[Data]
○ ○ ○ ○ ○

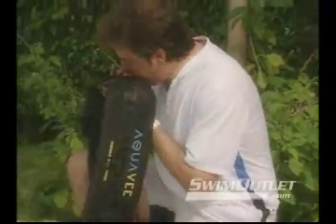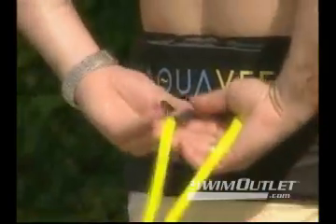Ever try swimming in your own pool as a form of exercise? Not very practical, is it? Your pool is about to turn Olympic size with a revolutionary new product, the AquaVe Portable Swim System.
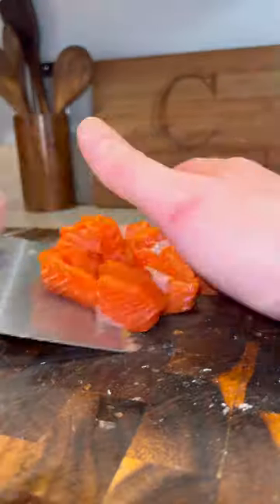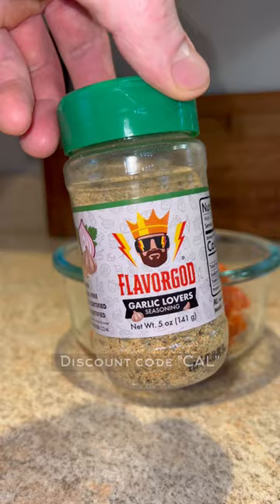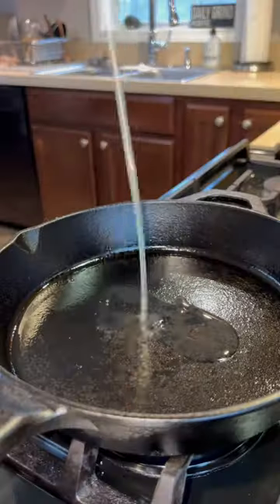We got a beautiful wild-caught salmon filet here that we're gonna cut into one-inch cubes, into a bowl, avocado oil, and Flavor God Garlic Lovers seasoning. Give that a good toss.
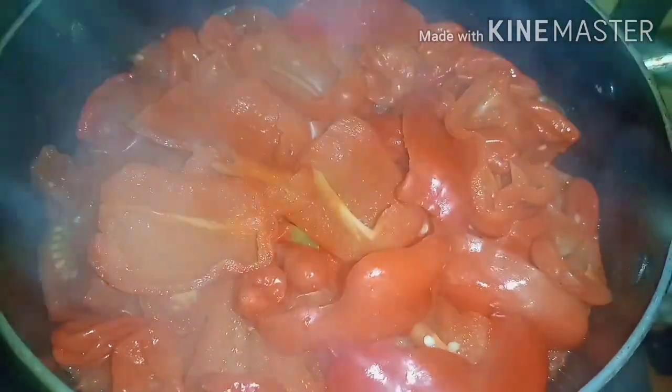The tomatoes have been boiling for some time now and the water is all dried up. So the next thing is to put it in the blender and blend.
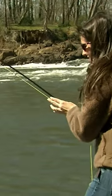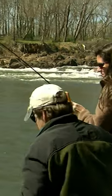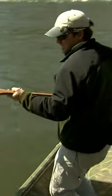Got a nice one here. We're going to put the net on it. I'm going to clear the line. It's rolling everywhere. All you have to worry about is the anchor line. Got him. There we go.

○ ○ ○ ○ ○

[Your objective] Everything in the listing must be copied exactly except the pictures.

[Expected output]
Ever try swimming in your own pool as a form of exercise? Not very practical, is it? Your pool is about to turn Olympic size with a revolutionary new product, the AquaVe Portable Swim System.
We got a beautiful wild-caught salmon filet here that we're gonna cut into one-inch cubes, into a bowl, avocado oil, and Flavor God Garlic Lovers seasoning. Give that a good toss.
The tomatoes have been boiling for some time now and the water is all dried up. So the next thing is to put it in the blender and blend.
Got a nice one here. We're going to put the net on it. I'm going to clear the line. It's rolling everywhere. All you have to worry about is the anchor line. Got him. There we go.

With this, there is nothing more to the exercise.